Subjects were required to be fasted overnight. Blood samples were collected by venepuncture at 10−15 weeks gestation. By this gestational period none of the subjects reported vomiting. The blood samples were centrifuged immediately for the collection of plasma and stored at −80°C until time for analysis, which was carried out at the University of North Carolina at Chapel Hill, USA.

Analysis of plasma

Choline and choline metabolites were extracted and analyzed using standardized methods described by Koc et al (14). Briefly, lipids were extracted from plasma (200 μl) with methanol:chloroform (2:1, by vol), vortexed vigorously and left at −20°C overnight. Samples were then centrifuged and the supernatant collected. The residue was re-extracted with methanol: chloroform: water (2:1:0.8, by vol). The supernatant from both extractions were combined. Chloroform (200 μl) and water (200 μl) were added to the supernatant to separate an aqueous and an organic phase. Quantification was done using liquid chromatography electrospray ionization isotopic dilution mass spectrometry. All samples were done in duplicates and final values reflect the average of these two readings.

RESULTS

Subject profile

All the women in this study were Afro-Caribbean (based on self-assessment) in ethnicity and had parity in the range of one to four (Table 2). Five subjects reported a history of chronic illness (asthma or manic depression) with and without pharmacological management.

Table 2.

Profile of subjects (n = 16)

Subject Code Age Yr weight/ 12 wks gestation Kg height cm parity BP(12−16 wks) mmHg Hb g/dL Comments
PL001 25 66.2 173.5 2 100/60 11.4 bi-polar disorder, medication included lithium
PL002 24 97.6 164 100/80 11.3
PL003 29 66.5 159.5 2 90/60 11.2 asthmatic/ventolin
PL004 28 60.7 175.3 100/70 11.4
PL005 29 72.4 159 2 120/80 11.9 Asthmatic
PL006 28 72.8 170 2 120/70 12.2
PL007 18 55.6 166.5 1 100/60 12.3 Asthmatic
PL008 20 48.3 162 1 100/60 18.4 Asthmatic/spina bifida
PL009 34 67.6 160.5 2 100/70 11.4
PL010 38 91.7 173 4 120/70 13.1
PL011 29 92.1 178 1 100/60 11.8
PL012 20 62.2 164.7 1 100/90 12.2 childhood chickenpox
PL013 21 97.6 154 2 120/70 10.6 shellfish allergy
PL014 32 66.9 171 1 114/70 9.8
PL016 24 76.34 155.2 120/80 11.8
PL017 18 70.9 165.2 1 120/70 12

Dietary choline consumption and plasma choline concentration

Most of the participants reported low consumption of the choline-rich foods selected from the Jamaican diet (Fig. 2). Two of the subjects showed adequate or close to adequate intake of choline (over 400 mg) from the consumption of known choline-rich foods. The mean (± SEM) dietary choline consumed was 278.5 mg ± 28.9 mg.

Fig. 2.

Fig. 2

Graph showing daily consumption of choline and betaine for each subject. Choline bar represents free choline, phosphatidylcholine, phosphocholine, sphingomyelin and glycerolphosphocholine content. Most of the women reported a diet that provided less than 450 mg of choline (adequate allowance of choline in pregnancy).
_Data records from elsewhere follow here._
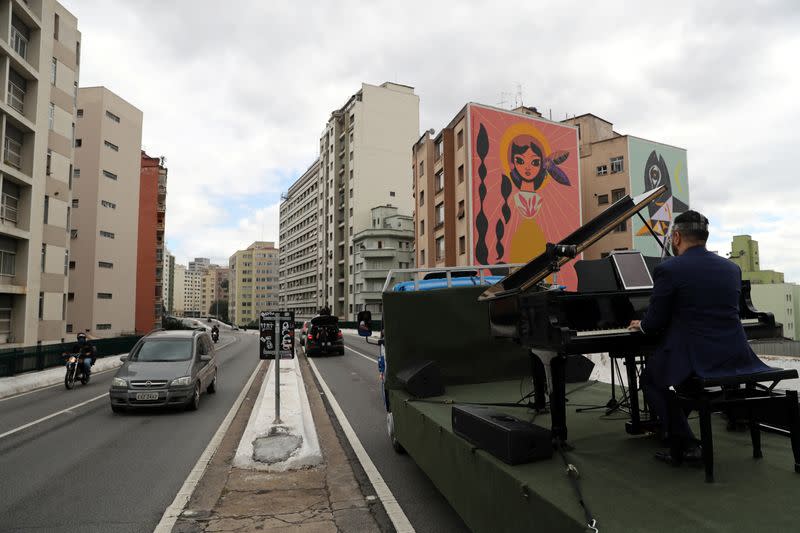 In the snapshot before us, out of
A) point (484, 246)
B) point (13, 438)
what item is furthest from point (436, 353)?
point (484, 246)

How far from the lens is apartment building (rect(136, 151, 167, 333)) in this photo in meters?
58.0

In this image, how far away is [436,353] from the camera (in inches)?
260

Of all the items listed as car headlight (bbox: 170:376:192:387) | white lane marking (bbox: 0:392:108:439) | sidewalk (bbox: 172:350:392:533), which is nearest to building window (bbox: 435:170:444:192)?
white lane marking (bbox: 0:392:108:439)

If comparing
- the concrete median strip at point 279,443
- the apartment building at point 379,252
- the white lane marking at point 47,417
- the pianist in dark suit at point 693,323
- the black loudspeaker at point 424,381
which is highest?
the apartment building at point 379,252

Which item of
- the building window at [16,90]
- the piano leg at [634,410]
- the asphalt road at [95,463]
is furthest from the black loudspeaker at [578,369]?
the building window at [16,90]

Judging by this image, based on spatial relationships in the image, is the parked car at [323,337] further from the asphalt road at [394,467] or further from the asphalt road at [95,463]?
the asphalt road at [95,463]

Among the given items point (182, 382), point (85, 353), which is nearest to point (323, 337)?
point (85, 353)

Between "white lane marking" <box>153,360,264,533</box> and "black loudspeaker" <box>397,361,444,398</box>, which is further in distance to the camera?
"black loudspeaker" <box>397,361,444,398</box>

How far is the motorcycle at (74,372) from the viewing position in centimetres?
1478

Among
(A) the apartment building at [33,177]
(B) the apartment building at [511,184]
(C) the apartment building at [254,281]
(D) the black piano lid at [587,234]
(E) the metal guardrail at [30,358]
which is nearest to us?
(D) the black piano lid at [587,234]

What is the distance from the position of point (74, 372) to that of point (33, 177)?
57.4 feet

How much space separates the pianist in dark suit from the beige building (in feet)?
123

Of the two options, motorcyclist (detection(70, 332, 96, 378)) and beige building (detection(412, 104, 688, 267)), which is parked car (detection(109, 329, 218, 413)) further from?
beige building (detection(412, 104, 688, 267))

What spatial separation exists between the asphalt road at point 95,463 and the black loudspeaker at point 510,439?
128 inches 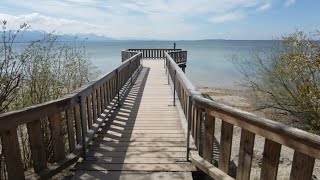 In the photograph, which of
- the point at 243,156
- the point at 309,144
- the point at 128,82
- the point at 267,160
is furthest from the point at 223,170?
the point at 128,82

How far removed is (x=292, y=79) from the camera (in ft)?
30.7

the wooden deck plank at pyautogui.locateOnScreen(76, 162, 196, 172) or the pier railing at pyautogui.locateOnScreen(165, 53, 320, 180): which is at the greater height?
the pier railing at pyautogui.locateOnScreen(165, 53, 320, 180)

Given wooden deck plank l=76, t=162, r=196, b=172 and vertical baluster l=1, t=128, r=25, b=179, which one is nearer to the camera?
vertical baluster l=1, t=128, r=25, b=179

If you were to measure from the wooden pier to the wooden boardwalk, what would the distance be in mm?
13

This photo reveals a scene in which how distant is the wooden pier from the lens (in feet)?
8.48

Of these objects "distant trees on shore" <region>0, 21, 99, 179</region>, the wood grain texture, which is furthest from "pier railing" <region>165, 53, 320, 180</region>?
"distant trees on shore" <region>0, 21, 99, 179</region>

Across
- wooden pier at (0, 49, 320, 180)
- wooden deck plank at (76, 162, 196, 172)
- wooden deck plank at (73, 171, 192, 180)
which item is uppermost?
wooden pier at (0, 49, 320, 180)

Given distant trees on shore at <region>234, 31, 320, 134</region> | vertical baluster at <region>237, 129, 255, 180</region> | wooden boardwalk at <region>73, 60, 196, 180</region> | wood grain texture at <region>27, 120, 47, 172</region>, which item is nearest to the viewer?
vertical baluster at <region>237, 129, 255, 180</region>

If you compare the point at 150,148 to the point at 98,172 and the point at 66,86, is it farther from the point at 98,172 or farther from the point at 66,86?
the point at 66,86

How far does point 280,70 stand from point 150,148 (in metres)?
7.65

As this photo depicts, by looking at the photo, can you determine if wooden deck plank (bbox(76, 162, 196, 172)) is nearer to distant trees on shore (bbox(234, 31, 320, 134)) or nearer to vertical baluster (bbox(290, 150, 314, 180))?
vertical baluster (bbox(290, 150, 314, 180))

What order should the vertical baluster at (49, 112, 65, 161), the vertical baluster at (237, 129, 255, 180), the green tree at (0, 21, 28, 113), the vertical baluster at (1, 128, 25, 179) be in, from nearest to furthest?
1. the vertical baluster at (1, 128, 25, 179)
2. the vertical baluster at (237, 129, 255, 180)
3. the vertical baluster at (49, 112, 65, 161)
4. the green tree at (0, 21, 28, 113)

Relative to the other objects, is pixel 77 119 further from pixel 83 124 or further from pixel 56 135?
pixel 56 135

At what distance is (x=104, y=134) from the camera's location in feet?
17.0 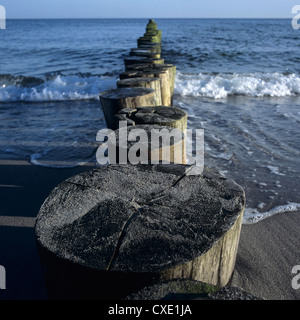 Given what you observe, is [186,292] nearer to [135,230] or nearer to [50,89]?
[135,230]

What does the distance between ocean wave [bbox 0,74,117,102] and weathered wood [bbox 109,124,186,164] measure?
6.96 metres

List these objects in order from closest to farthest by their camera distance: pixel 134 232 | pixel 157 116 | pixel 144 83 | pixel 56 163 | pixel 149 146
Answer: pixel 134 232 → pixel 149 146 → pixel 157 116 → pixel 144 83 → pixel 56 163

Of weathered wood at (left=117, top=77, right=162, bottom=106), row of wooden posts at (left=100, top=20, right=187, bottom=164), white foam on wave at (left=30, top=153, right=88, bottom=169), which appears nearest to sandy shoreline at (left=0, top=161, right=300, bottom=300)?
white foam on wave at (left=30, top=153, right=88, bottom=169)

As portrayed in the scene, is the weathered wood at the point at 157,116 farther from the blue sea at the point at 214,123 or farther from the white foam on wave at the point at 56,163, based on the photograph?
the white foam on wave at the point at 56,163

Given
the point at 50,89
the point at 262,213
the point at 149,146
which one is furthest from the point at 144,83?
the point at 50,89

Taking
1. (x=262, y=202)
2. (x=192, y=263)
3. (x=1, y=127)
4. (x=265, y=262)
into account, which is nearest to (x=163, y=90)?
(x=262, y=202)

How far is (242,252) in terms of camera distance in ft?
8.82

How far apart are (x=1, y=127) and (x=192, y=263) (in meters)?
5.96

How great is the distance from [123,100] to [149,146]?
1.29 m

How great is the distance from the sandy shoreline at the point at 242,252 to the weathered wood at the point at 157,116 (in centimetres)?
119

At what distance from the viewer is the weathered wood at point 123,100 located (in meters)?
3.44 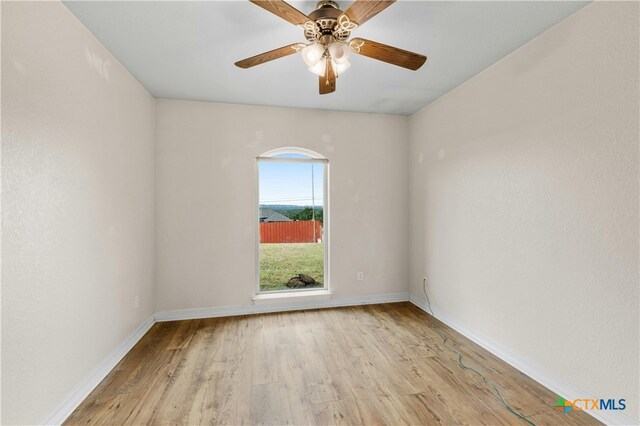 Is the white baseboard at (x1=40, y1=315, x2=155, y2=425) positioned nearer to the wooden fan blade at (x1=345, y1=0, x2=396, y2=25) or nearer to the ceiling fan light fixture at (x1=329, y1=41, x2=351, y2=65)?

The fasting plasma choline ranged between 6.8 to 11.2 μmol/L (Fig. 3) with a mean (± SEM) plasma choline concentration of 8.4 ± 0.4 μmol/L. In further analysis of the plasma choline concentrations, it was observed that subjects with a history of chronic illness, with or without being on medication showed significantly (student's t test, p < 0.01) higher plasma choline concentrations (9.7 ± 1.7 μmol/L, n = 5) compared to those not having chronic illnesses (7.7 ± 0.9 μmol/, n = 11).

Fig. 3.

Fig. 3

Graph showing the plasma choline concentration measured at 10−15 weeks of gestation for each participant. Plasma choline concentrations tended towards low to normal values (normal fasted plasma choline range from 7−20 μmol/L (9,15) with most subjects having low concentrations.

DISCUSSION

During pregnancy, large amounts of choline are delivered across the placenta for fetal development and maternal stores are depleted in rodent models (2). This suggests that dietary intake of choline is likely to be very important during pregnancy to ensure that normal plasma choline concentrations are maintained. In this study, an assessment of dietary choline intake was made using a food frequency questionnaire consisting of foods that are rich sources of choline. Although food frequency questionnaires are of limited accuracy, they have been validated as adequate for assessment of single micronutrient intake (15). In this study, there were however further limitations associated with an incomplete database for the choline content of many foods, as well as whether the values of choline in foods listed on the United States Department of Agriculture database are accurate for Jamaican foods.

The pilot study suggests that pregnant women in Jamaica are eating foods that may not be delivering adequate amounts of choline. Although the implications of inadequate choline in the diet have not been fully examined in humans, several animal studies show that in terms of memory development, the role of dietary choline during pregnancy is significant (37).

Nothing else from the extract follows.